Work order:
I'd like the data below restated word for word, with the pictures left out.

Entries shown:

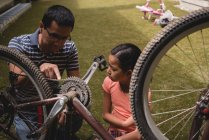 Father and daughter interacting with each other while repairing cycle in the garden — Stock Photo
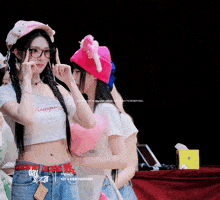 a girl wearing a crop top that says day star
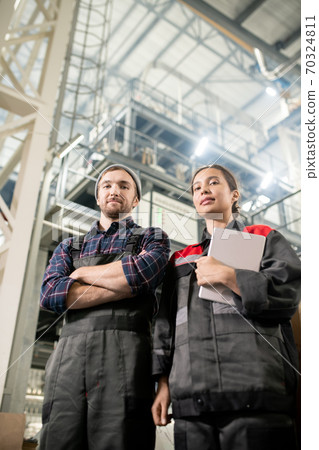 Young successful male and female engineers of large contemporary warehouse Young successful male and female engineers of large contemporary warehouse 70324811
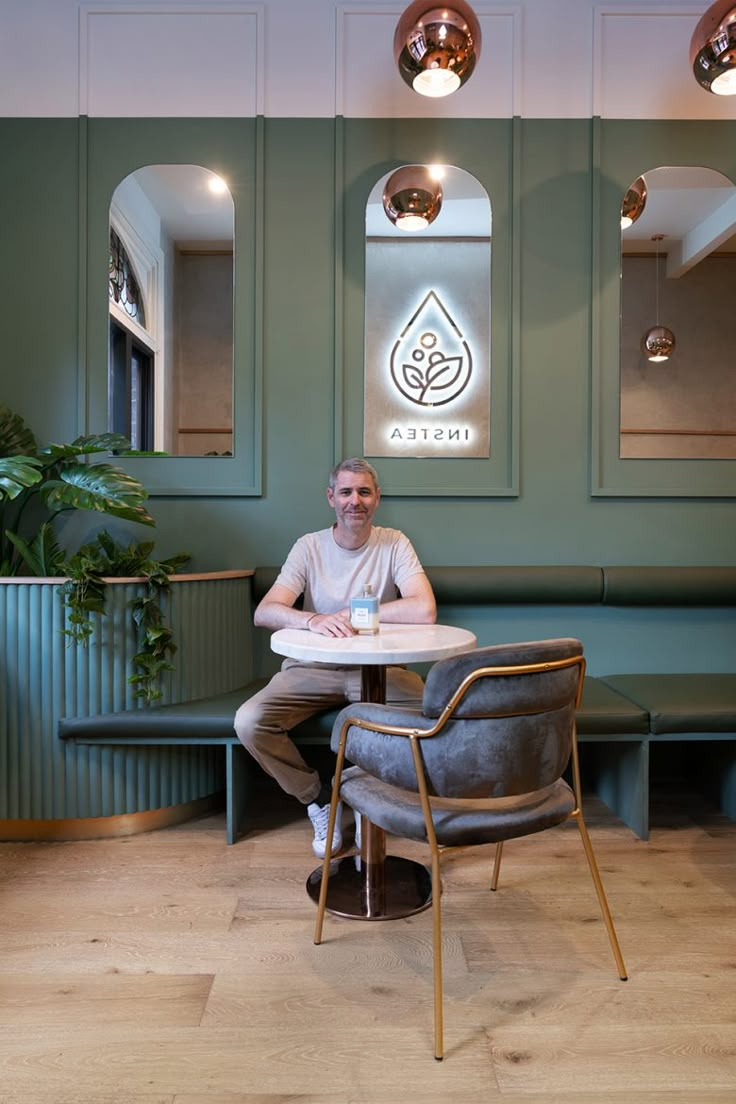 a man sitting at a table in front of a green wall with an emblem on it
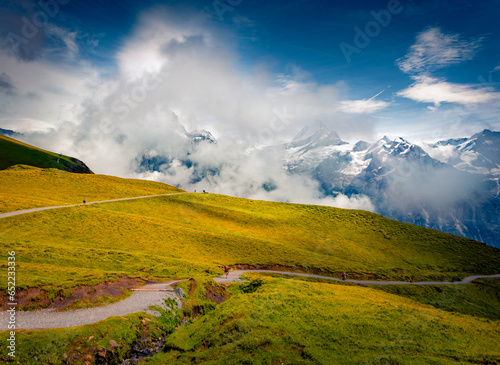 Foggy summer view of Schreckhorn peak. Traveling in Swiss Alps, Grindelwald village location, Switzerland, Europe. Beauty of nature concept background.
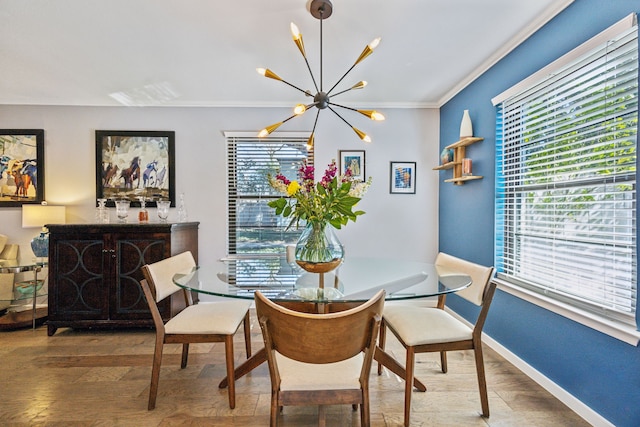 dining space featuring wood-type flooring, a chandelier, a wealth of natural light, and ornamental molding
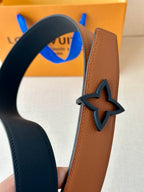 Tan leather belt with dark navy edging and large star-shaped buckle, close-up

Solution for this task:
 Father and daughter interacting with each other while repairing cycle in the garden — Stock Photo
 a girl wearing a crop top that says day star
 Young successful male and female engineers of large contemporary warehouse Young successful male and female engineers of large contemporary warehouse 70324811
 a man sitting at a table in front of a green wall with an emblem on it
 Foggy summer view of Schreckhorn peak. Traveling in Swiss Alps, Grindelwald village location, Switzerland, Europe. Beauty of nature concept background.
 dining space featuring wood-type flooring, a chandelier, a wealth of natural light, and ornamental molding
 Tan leather belt with dark navy edging and large star-shaped buckle, close-up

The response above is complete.